02/09/11
Eine NachbemerkungEin Jahr danach ist es einfach an der Zeit, sich noch einmal diesem scheusslichen Datum "Elfter September" zuzuwenden, das mittlerweile sprichwörtlich geworden ist, Eingang gefunden hat in einen immer metaphorischer werdenden Sprachgebrauch, eine obszöne Metaphysik.

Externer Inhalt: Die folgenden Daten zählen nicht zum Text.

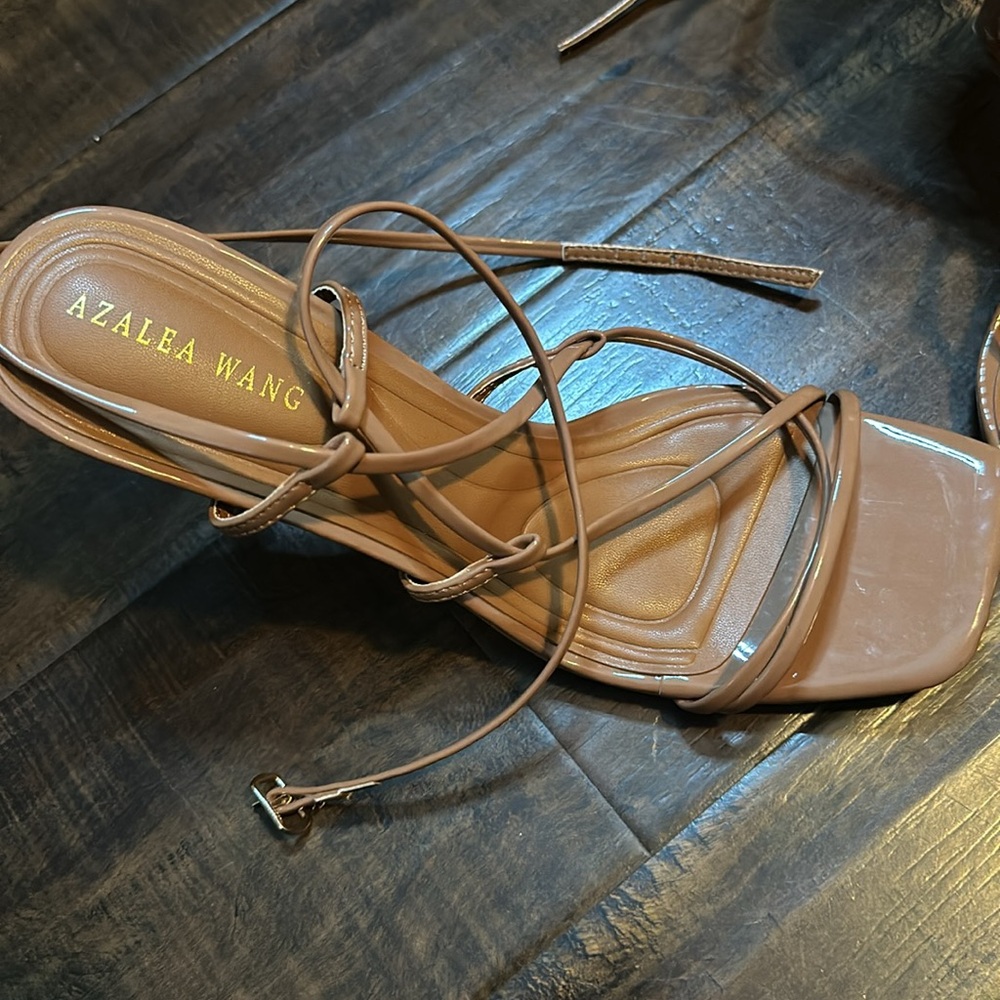 Pallet Pull NWOT -Azalea Wang Strappy Heels Size 8.5 Dark Nude Color - Picture 2 of 3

Ein widerwärtiges "Unbehagen in der Kultur" (S. Freud) beschleicht mich an diesem Jahrestag des terroristischen Anschlags und meine eigene Gereiztheit befremdet mich.

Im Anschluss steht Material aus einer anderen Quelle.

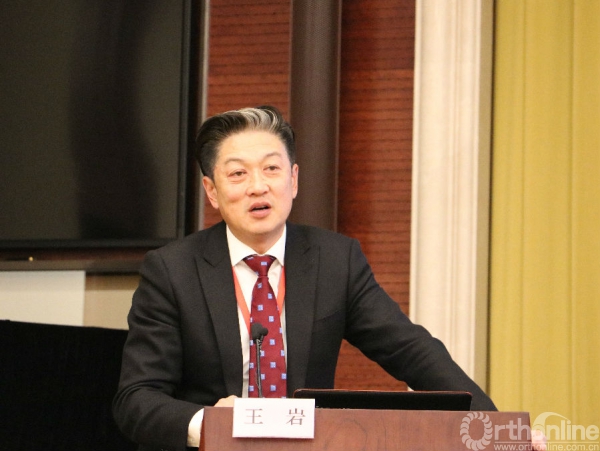 王岩教授授课.jpg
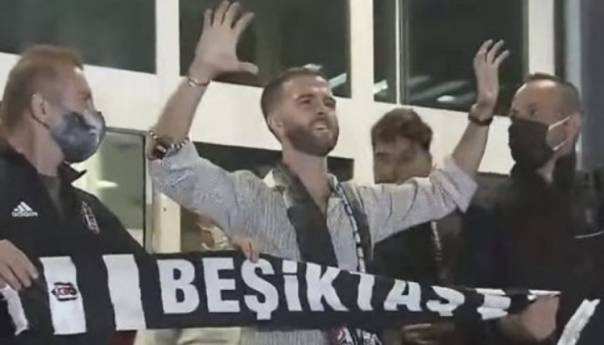 Navijači Bešiktaša priredili spektakularan doček Pjaniću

Die Jets habe ich nicht in die Türme rasen sehen, aber alles andere schon: die entfesselte Rettungsmaschinerie, die hektisch fotokopierten Handzettel mit den Fotografien der teuren Toten, den versteinerten businessman, von Aschenstaub bepudert, starren Blickes den Broadway nordwärts wandernd, den ledernen Aktenkoffer fest umklammert, der Broadway blockiert von einer endlosen Aneinanderreihung von Baggern und Lastwagen, teilweise bis aus Kanada angekarrt, die unfassbar mächtige Rauchfahne über den zerborstenen Türmen, in fataler Schönheit in einen azurblauen Spätsommerhimmel ragend, die Fifth Avenue nahezu autofrei, gefahrlos zu Fuß zu überqueren, ohne links und rechts schauen zu müssen, Polizisten, schaulustige junge Burschen, die die Absperrung an der Canal Street überqueren wollen, ruppig, aber korrekt ins Glied zurückknüppelnd.

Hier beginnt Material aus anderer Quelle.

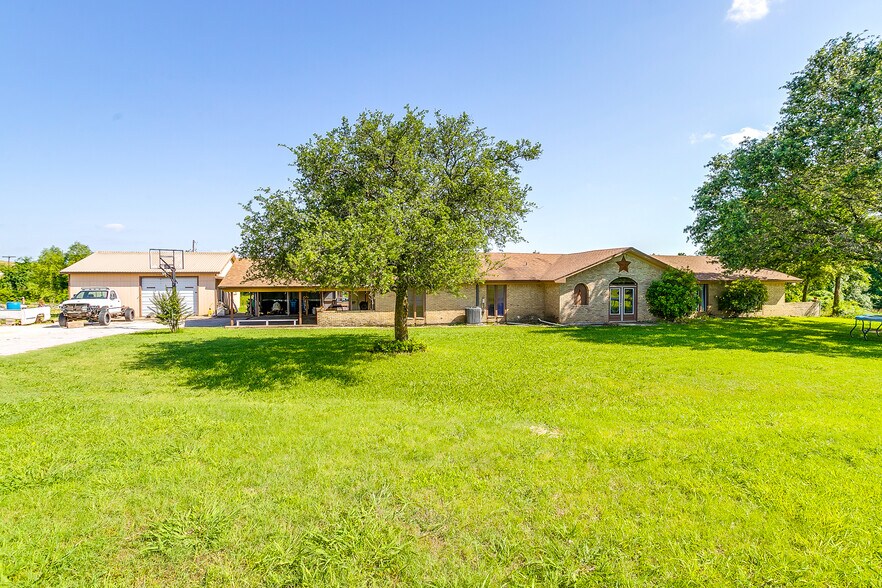 More Photos Of 1711 Walter Holliday, Cleburne Land For Sale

Ich lege keinen Wert auf eine Wiederholung.
In der Nacht vom 11. auf den 12. September 2001 diskutierten zusammengeströmte Menschengruppen aufgewühlt auf der Straße. Einer rief immer wieder: "Sure, America does everything in his way. But is it the right way?"
Mittlerweile habe ich sie ja anschauen müssen, die allzu rasch gemeinplätzig gewordenen Bilddokumente der Katastrophe. Und ich fühlte mich beraubt, enteignet: meine eigene Anschauung des Ereignisses wurde im Nu aggressiv überlagert von den weitaus aufregenderen Dokumenten, die in heavy rotation im Fernsehen zu sehen waren. War ich überhaupt dagewesen? War ich überhaupt ein Zeuge? Passte ich (im doppelten Sinn) ins "Bild"?
Zurück in Deutschland, hatte ich sofort und deutlich das Gefühl, als deutscher Tourist in Big Apple etwas Entscheidendes verpasst zu haben, so voll, so randvoll waren die Menschen hierzulande mit den Bildern, gesättigt, geil gesättigt, lustvoll erstarrt, hysterisch erheitert. Ich hingegen, mit meiner ganz konkreten, hausbackenen Freude und Genugtuung, im doppelten Sinne wieder festen Boden unter den Füßen zu haben, war vollkommen uninteressant. Meine nüchternen, jedenfalls unspektakulären Schilderungen dessen, was ich mit eigenen Augen gesehen hatte, fanden kaum Interesse. Da, da, in den magischen Kanälen, "im" Fernsehen, "im" Internet, "in" der Zeitung, "im" Radio, hatte es sich ereignet, war es geschehen, da musste mensch hinschauen, hinklicken, hineinlesen, hinhören.
Dagegen war ich ein Nichts. Noch niemals in meinem Leben ist mir meine Winzigkeit klarer zu Bewusstsein gekommen. Was ich tat oder dachte, oder was ich nicht tat oder nicht dachte, hatte keine Bedeutung. In den Straßen Lower Manhattans, da drüben, vier Kilometer entfernt von mir, waren wunderliche, einmalige, schreckliche Dinge geschehen - ohne mich. Ich war dabei gewesen, und doch nicht dort.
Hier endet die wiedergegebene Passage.